While the imaging microscope produced the most accurate results, it also was the most labor-intensive to operate, requiring an expert user. Simplification and automation of its operating procedure will need to happen before it can be deployed in field operations.
The laser diffraction equipment proved to be the most reliable, and exhibited excellent repeatability in the laboratory environment. However, it also required an expert user and manual labor to operate. In its current state, and without automation and in-line deployment, it also is not suitable for field deployment.
The focused beam reflectance measurement equipment proved easiest to operate and could work on opaque fluids with no dilution required. It also offered the ability to operate in a fully automated mode and to be applied in a field environment, as has been done on a limited trial basis. On the downside, its chord length approach with conversion to volume-weighted distribution proved to be the least accurate quantitatively, and was the most sensitive option to changes in the particle size of nonspherical materials.
The days of a single daily mud check, augmented with a few partial checks, also are a thing of the past, thanks to automated fluid rheology technology developed through another University of Texas at Austin research project.
This technology enables a practical automated approach with minimum maintenance efforts to continuously monitor drilling fluid rheological parameters at the rig site.

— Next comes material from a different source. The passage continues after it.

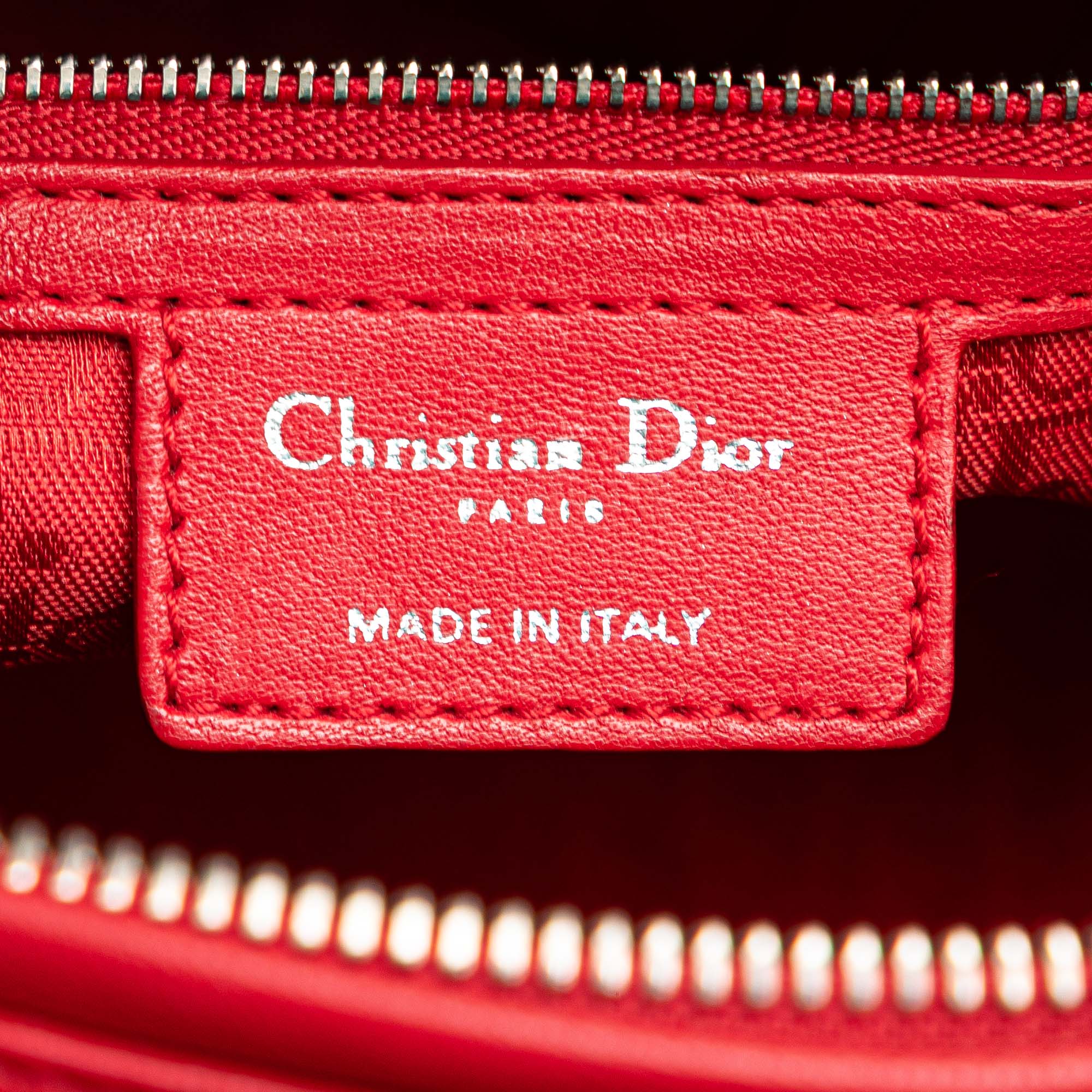 Dior Large Lambskin Cannage Lady Dior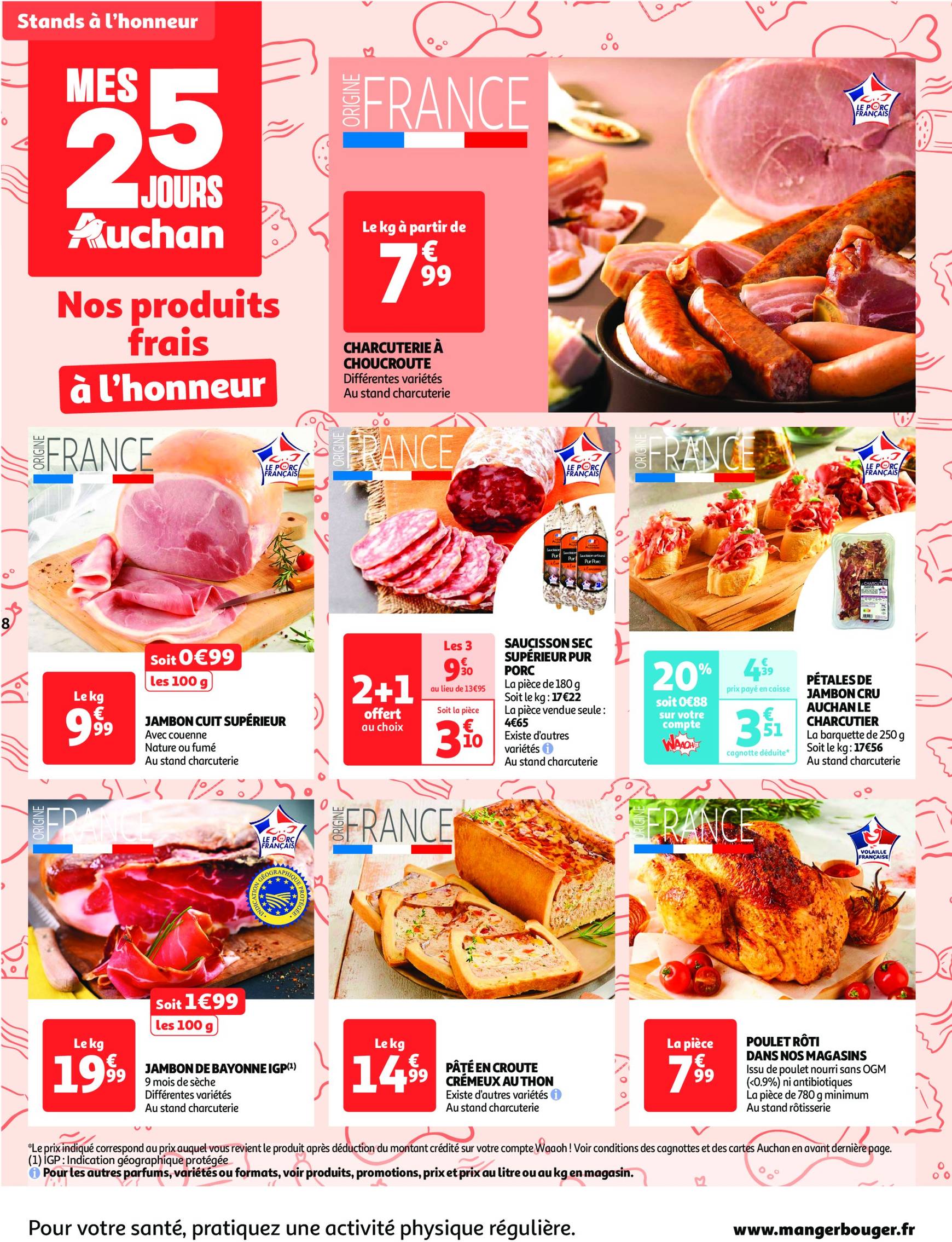 Auchan - Mes 25 jours Auchan, et encore plus de promos ! folder geldig vanaf 19.11. - 25.11. 8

Accurately measuring rheological properties is essential to optimizing wellbore construction and managing hydraulics. It becomes even more crucial in deepwater drilling, given the narrow mud windows, which may require advanced technologies such as managed pressure and dual-gradient drilling.
Central to the new approach is a device based on a pipe viscometer configuration (Figure 5) that continuously and automatically monitors rheological properties. Pressure loss is measured at several flow rates, which can be used to determine rheological properties. The device records the frictional pressure loss at multiple flow rates covering laminar and turbulent flow regimes.
The system’s reliability and robustness have been demonstrated through successful testing with different weighted and unweighted mud systems. Standard API rheological parameters are determined from the differential pressure data for laminar flow.
Automated, real-time viscometer measurement using the pipe viscometer approach represents a step-change improvement in mud monitoring and maintenance, while also improving rig safety and efficiency. The technology can significantly improve the ability to feed accurate rheological information in real time into sophisticated hydraulics models used to manage equivalent circulating densities, and may enable technologies such as managed pressure and dual-gradient drilling.
Ryen Caenn is principal of TekRite Communications, which has consulted oil companies, fluid service companies and chemical manufacturers in the U.S. and international drilling and production fluids industries since 1981, specializing in drilling and completion fluid technology transfer. He is also founder of drillcompfluids.com, a wikibase website that provides the fluids industry with a repository and database to facilitate technology transfer, including new product development and applications. Caenn has five decades of experience in the drilling and completion fluids industry, beginning his career as a mud engineer at Baroid Drilling Fluids. He has been a member of the API drilling fluids standards committee since 1974. Caenn teaches schools and courses on drilling and completion fluids. He holds a B.A. in chemistry from Oklahoma State University.